Marcelle lui avait tendrement saisi les mains, le calmant de toute sa tranquille raison.

— Voyons, ne te fâche pas… Oui, je les ai acceptés. Et j’ai si bien compris que jamais tu n’oserais les porter à l’huissier, que j’y suis allée tout de suite moi-même, chez cet huissier, tu sais, rue Cadet. Mais figure-toi qu’il a refusé de les prendre, en m’expliquant qu’il avait des ordres formels de monsieur Busch, et que monsieur Busch seul pouvait arrêter les poursuites… Oh ! Ce Busch ! Je ne hais personne, mais ce qu’il m’exaspère et me dégoûte, celui-là ! Ça ne fait rien, j’ai couru chez lui, rue Feydeau, et il a bien fallu qu’il se contentât des cinquante francs et voilà ! nous en avons pour quinze jours à ne pas être tourmentés. 
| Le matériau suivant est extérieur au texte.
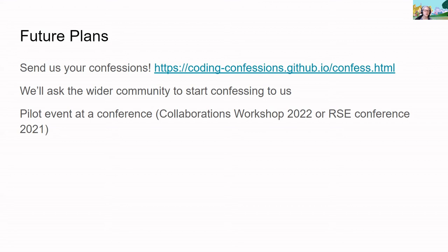We want to run this at a face-to-face event — potentially the Collaborations Workshop next year, an upcoming RSC conference, or when people are back in the office, maybe someone wants to try it locally in their group first. Based on that experience, we'd rework the instructions and materials we've provided so far.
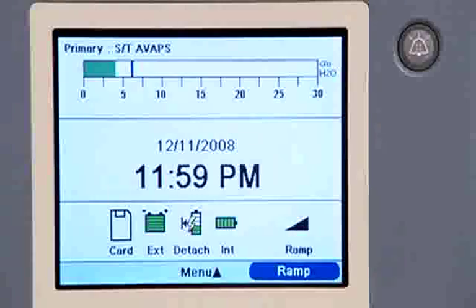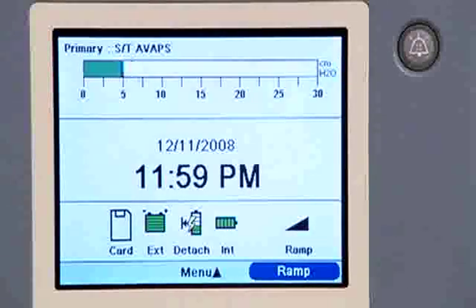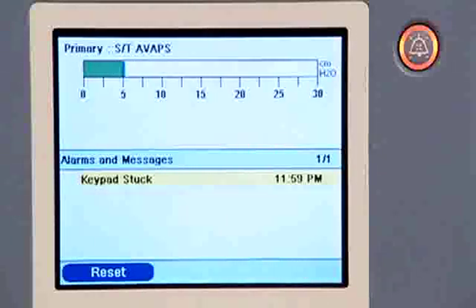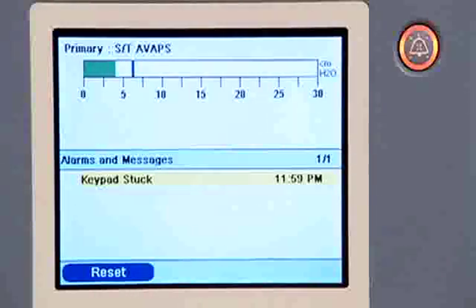Trilogy 100 also has a number of low priority alarms which convey information you should be aware of — for example, a button is stuck or the detachable battery needs to be charged. Low priority alarms are two beeps together in a repeating pattern. The audio pause button shows a solid yellow light and the alarm message is highlighted in yellow.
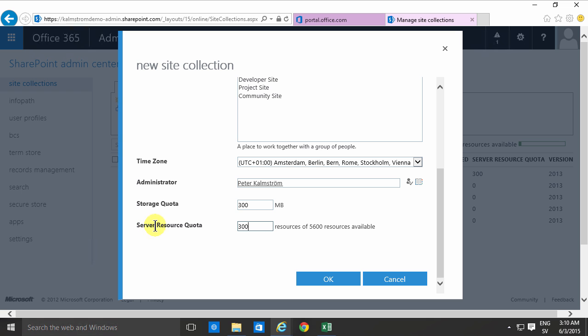The server resource quota as you'll notice there's only 5600 of those available and the default here is 300. I usually don't need that much. 100 is fine.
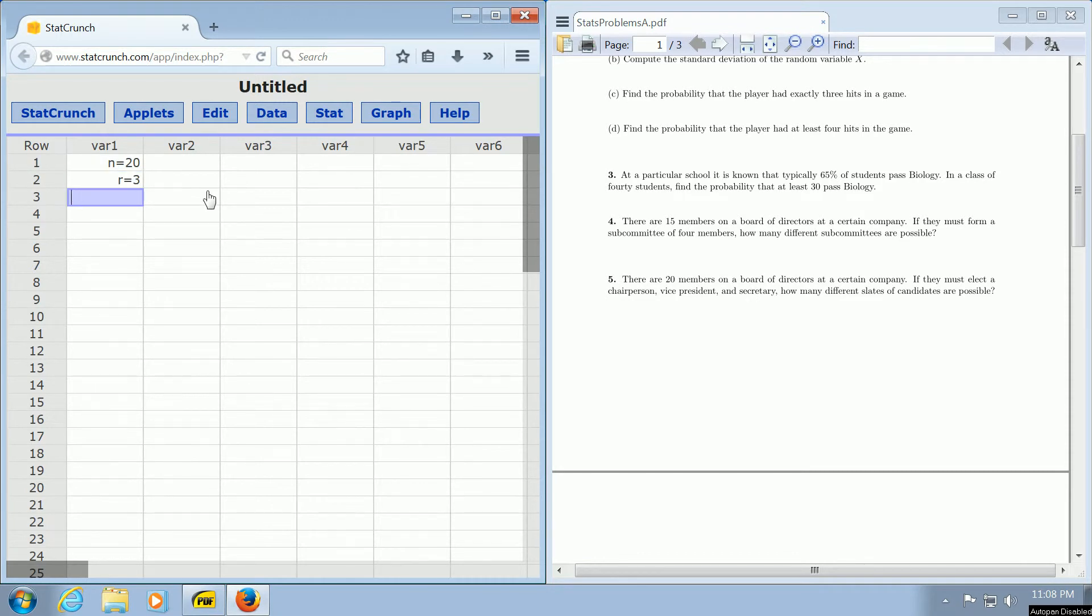In this case, since we're selecting different positions, the order does matter. So this is a permutations problem.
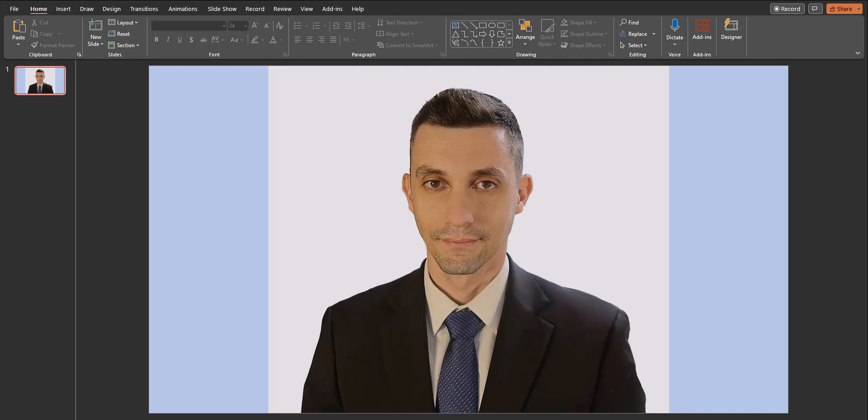But you can also utilize this option in PowerPoint for your personal photos where you want to remove the background and you don't want to use expensive software. Let's jump in and see how it's done.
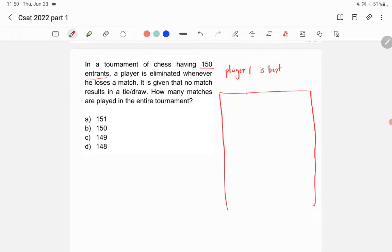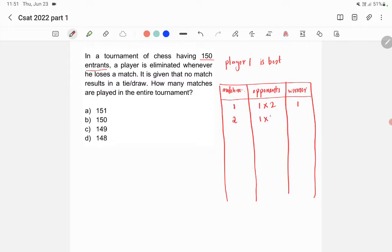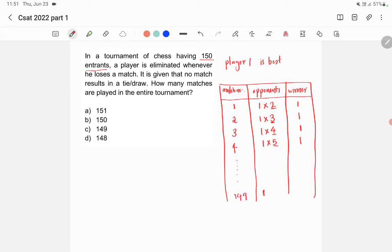The table has match number, opponents, and winner. In match number one, the opponents are player one versus player two — player one wins, player two is eliminated. In match two, player one plays player three — player three is eliminated. In match three, player one plays player four — player four is eliminated. In match four, player one versus player five — player five is eliminated. This continues until match number 149, in which player one plays against player 150, and player 150 loses.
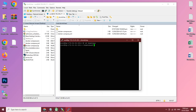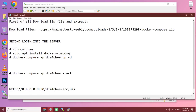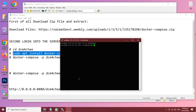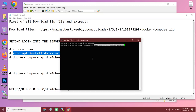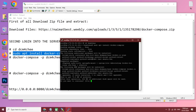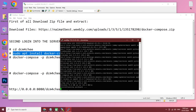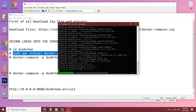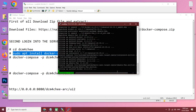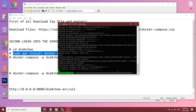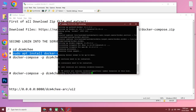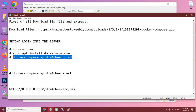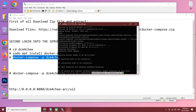I have already connected. Run 'cd DCM4CHEE' to go to the directory. After that, we need to install Docker Compose to install DCM4CHEE. Run the install command — here we go.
Une grosse émotion avait contracté le visage de Jordan, tandis que des larmes qu’il retenait mouillaient le bord de ses yeux.

— Tu as fait cela, petite femme, tu as fait cela !

— Mais oui, je ne veux pas qu’on t’ennuie davantage, moi ! Qu’est-ce que ça me fait de recevoir des sottises, si on te laisse travailler tranquille ! 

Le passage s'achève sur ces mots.